Framework Definitions
Framework Definitions, further detailed in the Framework Definitions chapter, can be used to select which providers run when running clck or clck-collect. Framework Definitions can be specified through the command line by using the -F / --framework-definition command line option. For example, to run myFramework.xml, the following command can be used:
clck-collect <options> -F /path/to/myFramework.xml
Custom Framework Definitions can also be specified in the configuration file /opt/intel/clck/20xy/etc/clck.xml or /opt/intel/oneapi/clck/latest/etc/clck.xml. The following example shows how to declare the use of two custom Framework Definitions:
<configuration>
<plugins>
<framework_definitions>
<framework_definition>/path/to/CustomFWD1/xml</framework_definition>
<framework_definition>/path/to/CustomFWD2/xml</framework_definition>
</framework_definitions>
</plugins>
...
<configuration>
For more information about Framework Definitions, see the Framework Definitions section in the Reference.
Selecting Nodes
The nodefile contains a list of line-separated cluster node hostnames. For compute nodes, the nodefile is a simple list of nodes. For instance, the nodefile provided by a cluster resource manager typically contains just compute nodes and may be used as-is. Intel® Xeon Phi™ coprocessors should be included in the nodefile as independent nodes. For example, a 5 node cluster;
[user]# cat mynodefile compute-node-01 compute-node-02 compute-node-03 compute-node-04 compute-node-05
The nodefile is specified using the -f command line option.
clck -f ./mynodefile
In some cases, nodes in the nodefile need to be annotated. The # symbol may be used to introduce comments in a nodefile. Annotations are specially formatted comments containing an annotation keyword following by a colon and a value. Annotations may alter the data collection behavior.

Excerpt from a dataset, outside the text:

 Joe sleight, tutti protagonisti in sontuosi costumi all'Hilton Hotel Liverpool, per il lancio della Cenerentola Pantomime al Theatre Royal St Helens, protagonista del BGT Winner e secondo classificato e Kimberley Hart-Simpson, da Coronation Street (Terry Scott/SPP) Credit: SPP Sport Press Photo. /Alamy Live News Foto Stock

When running clck via a Slurm workload manager, you do not need to include a nodefile. Intel® Cluster Checker will query Slurm and create its own nodefile list.
Node Roles
The role annotation keyword is used to assign a node to one or more roles. A role describes the intended functionality of a node. For example, a node might be a compute node. If no role is explicitly assigned, by default a node is assumed to be a compute node. The role annotation may be repeated to assign a node multiple roles.
For example, the following nodefile defines 4 nodes: node1 is a head and compute node; node2, node3, and node4 are compute nodes; and node5 is disabled.
node1 # role: head role: compute node2 # role: compute node3 # implicitly assumed to be a compute node node4 #node5
Some data providers will only run on nodes with certain roles. For example, data providers that measure performance typically only run on compute or enhanced nodes.
Valid node role values are described below.
boot - Provides software imaging / provisioning capabilities.
compute - Is a compute resource (mutually exclusive with enhanced).
enhanced - Provides enhanced compute resources, for example, contains additional memory (mutually exclusive with compute).
external - Provides an external network interface.
head - Alias for the union of boot, external, job_schedule, login, network_address, and storage.
job_schedule - Provides resource manager / job scheduling capabilities.
login - Is an interactive login system.
network_address - Provides network address to the cluster, for example, DHCP.
storage - Provides network storage to the cluster, like NFS.
Subclusters
Some clusters contain groups of nodes, or subclusters, that are homogeneous within the subcluster but differ from the rest of the cluster. For example, one subcluster may be connected with Cornelis™ Omni-Path™ Host Fabric Interface while the rest of the cluster uses Ethernet.
The subcluster annotation keyword is used to assign a node to a subcluster. A node may only belong to a single subcluster. If no subcluster is explicitly assigned, the node is placed into the default subcluster. The subcluster name is an arbitrary string.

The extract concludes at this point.